For wallet-as-a-service fintech Ansa’s recent $14 million funding round, most of the funding – 95.6% of it – came from female investors.
“It was not intentional,” said Ansa co-founder Sophia Goldberg, following Tuesday’s announcement of the capital raise. “I think it's a testament to how many awesome female VCs are out there right now writing checks across the ecosystem.”
That’s a good omen for female founders, Goldberg said. PitchBook data shows that female founder-only startups received 2.1% of VC funds in 2023. Mixed gender founder teams received 23.8%. According to the Harvard Business Review, female VCs are more likely than male VCs to invest in female founders.
“Female founders get a small amount of VC money every year, and [the percentage gets smaller] as you increase round sizes and series of fundraising,” Goldberg said. “I think it’s a really big testament to how many women have continued to climb the ranks in VC, and it hopefully bodes well for more and more Series A, Series B and Series C female-led companies being able to raise funding.”
Ansa’s Series A funding round was led by Renegade Partners. Bain Capital Ventures, B37 Ventures, Box Group and Wischoff Ventures also participated.
Goldberg and co-founder JT Cho started Ansa in 2022 to give merchants relief from card payment fees that amount to as high as 12.5% of transaction value. Ansa white labels wallets for merchants to place within their apps, cutting down on the number of card transactions a customer makes with the merchant, thereby cutting fees and increasing loyalty.
The duo is using the fresh influx of cash to expand to other merchants in their core market, coffee and quick-service restaurants, as well as to expand into the marketplace sector. The funds will largely go to product development, team growth and scaling for the market.
Compass Coffee, an coffee shop based in Washington, D.C., launched a Ansa-powered in-app wallet in 2023 with positive results: customers who adopted the wallet were more loyal, and spent more money, than customers who did not, according to an Ansa case study.
Compass customers who utilized the wallet visited the coffee shop 30% more than loyal regulars who didn’t use the wallet. Revenue rose 26% per wallet user, and the merchant was able to save 28% in payment fees.
In the marketplace sector, Goldberg said they’re seeing “a really big inbound for marketplaces of all sizes, including the large name brand marketplaces, that are trying to drive on-platform economies.”

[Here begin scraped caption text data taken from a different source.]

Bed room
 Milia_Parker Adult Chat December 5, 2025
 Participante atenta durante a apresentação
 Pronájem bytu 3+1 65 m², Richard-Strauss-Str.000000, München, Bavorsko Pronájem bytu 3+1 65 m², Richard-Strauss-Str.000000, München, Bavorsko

One use case, she said, is to allow sellers to have on-platform wallets with which they can make purchases from other sellers.
“Say you knit socks and I make homemade soap and I sell $100 worth of soap. Today, I get that $100 paid out to my bank account, but then I might go buy a pair of socks for you. It makes a lot more sense economically for me to be able to buy from another seller on the platform with funds without having to pull up my credit card to pay for it,” Goldberg said.
“That also drives the flywheel of a closed-loop payment economy [in that] I’m more likely to spend a little more, or maybe I get an incentive, for spending my earnings as a seller to support that ecosystem,” she said.
As far as team growth – which some of the $14 million has been earmarked for – Ansa recently hired more engineers. That’s allowing the fintech to move with more momentum on the products it’s building for customers, Goldberg said. Several roles are open on the business side, including in sales, as are roles as a customer success manager and chief of staff. All roles are based at Ansa’s San Francisco headquarters.
Renegade Partners co-founder and managing partner Renata Quintini, whose firm is also based in San Francisco, said in a prepared statement that Ansa is “setting a new standard for how we'll all transact in the future, with a pioneering payments solution that lets merchants trade burdensome credit card processing fees for increased customer lifetime value.”